2009-12-22 Thread Gary McGraw
I accidentally hijacked this thread with S/MIME last night.  Mailman can't do 
base64 encoding.  Oops


From: Gary McGraw
To: 'mike.bober...@gmail.com' ; 'davel...@microsoft.com'
Cc: 'SC-L@securecoding.org' ; 'dustin.sulli...@informit.com'
Sent: Mon Dec 21 19:20:18 2009
Subject: Re: [SC-L] InformIT: You need an SSG

Hi mike,

The BSIMM calls out security features and design explicitly, and covers that 
good idea. (Though watch out for generic one-size-fits-all solutions.)  An SSG 
helps with creation, review, and roll out of such.
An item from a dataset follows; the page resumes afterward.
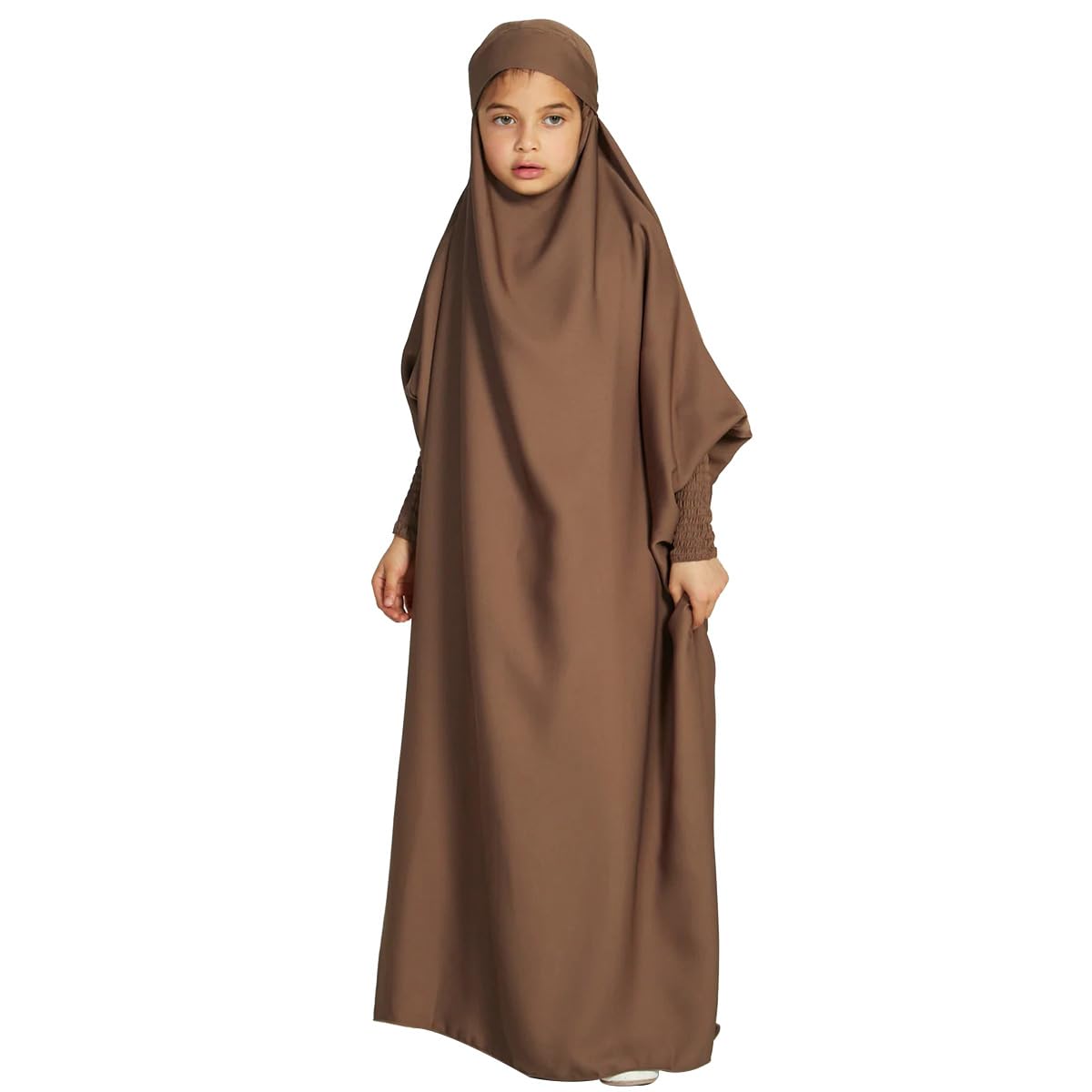 ODIZLI Abaya Muslim Girls Dress Islamic Prayer Dress For Kid Girls Muslim Jilbabs Muslin Thoub Isdal Jilbab For Muslim Girl One Piece Ramadan Abayas For Kid Dubai Eid Dresses Coffee Kids 11-12 Years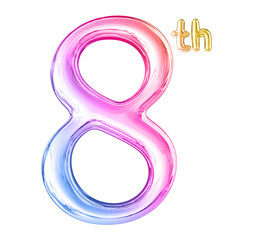 8th Anniversary Gradient Number 3D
Calling an SSG a committee is pretty hilarious.  I doubt any of the 100 
microsoft SSG members think they are a committee.   Hey ladd, how goes the SDL 
committee?

gem


From: Mike Boberski
To: Gary McGraw
Cc: Secure Code Mailing List ; Dustin Sullivan
Sent: Mon Dec 21 19:01:37 2009
Subject: Re: [SC-L] InformIT: You need an SSG
Hi Gary.

To play devil's advocate:

Current organizational practices aside, I would say that organizations really 
need more and better toolkits and standards for developers to use, than they 
need more and better committees.

A toolkit example that comes to mind, to keep this email short: the 
highly-matrixed environment (and actually also the smaller environment, now 
that I think about it) where developers fly on and off projects.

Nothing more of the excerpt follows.